Cette absence de formalisme se retrouve d’ailleurs dans tous les pays qui ont signé et ratifié la convention de Berne de 1886, qui l’impose à ses membres (pays européens, États-Unis, Chine et, de façon générale, tous les pays membres de l’Organisation mondiale du commerce).
Cette liberté présente des avantages (gratuité, simplicité) mais présente aussi des inconvénients : la preuve de l’originalité et de la date de création, préalable nécessaire à toute action de défense, peut s’avérer difficile. Pour pallier ces difficultés, il peut être souhaitable de se protéger en recourant à un dépôt privé (et payant).
Le recours au dépôt d’une enveloppe Soleau (du nom de son inventeur) est une première possibilité, simple et pratique. Il s’agit concrètement d’une enveloppe qui présente deux compartiments (elle est disponible à l’INPI).

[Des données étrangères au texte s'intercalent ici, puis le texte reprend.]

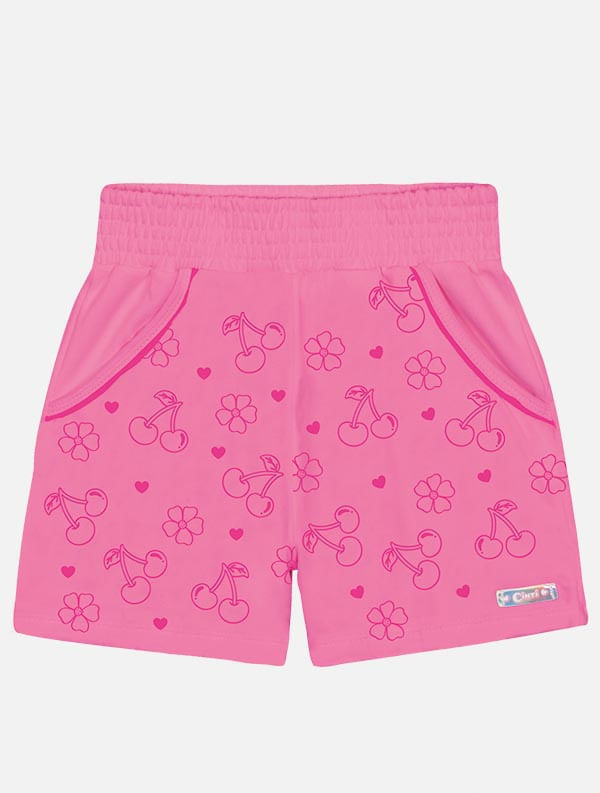 Conjunto Infantil Menina Tutti-Frutti Blusa E Short Rosa Mundo Cinti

Dans chaque compartiment un exemplaire ou une description de la création est déposé et l’ensemble envoyé ou remis à l’INPI qui l’enregistre, perfore le document au laser puis retourne un compartiment au déposant. Pour une somme de 10 € (tarif 2005) l’organisme conservera l’autre compartiment pendant cinq ans (renouvelable une fois). Ce dépôt n’est en aucun cas constitutif de droit mais permet, en cas de problème, de prouver la date de la création en produisant en justice l’enveloppe déposée.
Des dépôts peuvent aussi être effectués auprès de sociétés d’auteurs comme l’ADAGP ou la SPADEM.
Le recours à un dépôt privé est prudent lorsque l’exploitation commerciale de l’œuvre est envisageable mais il ne dispense pas de devoir prouver l’originalité en cas de problème.
L’artiste Yves Klein, auteur des célèbres monochromes de couleur bleue, avait quant à lui choisi de breveter sa couleur qu’il appelait le bleu « 1KB » (.International Klein Blue). Il avait déposé en 1960 à l’INPI un brevet sous le numéro 63 471 protégeant le processus de création de la couleur. Le brevet protégea pendant 20 ans la « recette » chimique de fabrication de la couleur ainsi que sa texture mais bien sûr pas le tableau monochrome. Le brevet IK.B est tombé dans le domaine public en 1980 (un brevet dure 20 ans non renouvelable) mais l’œuvre reste protégée jusqu’en 2032 puisque Klein est mort en 1962.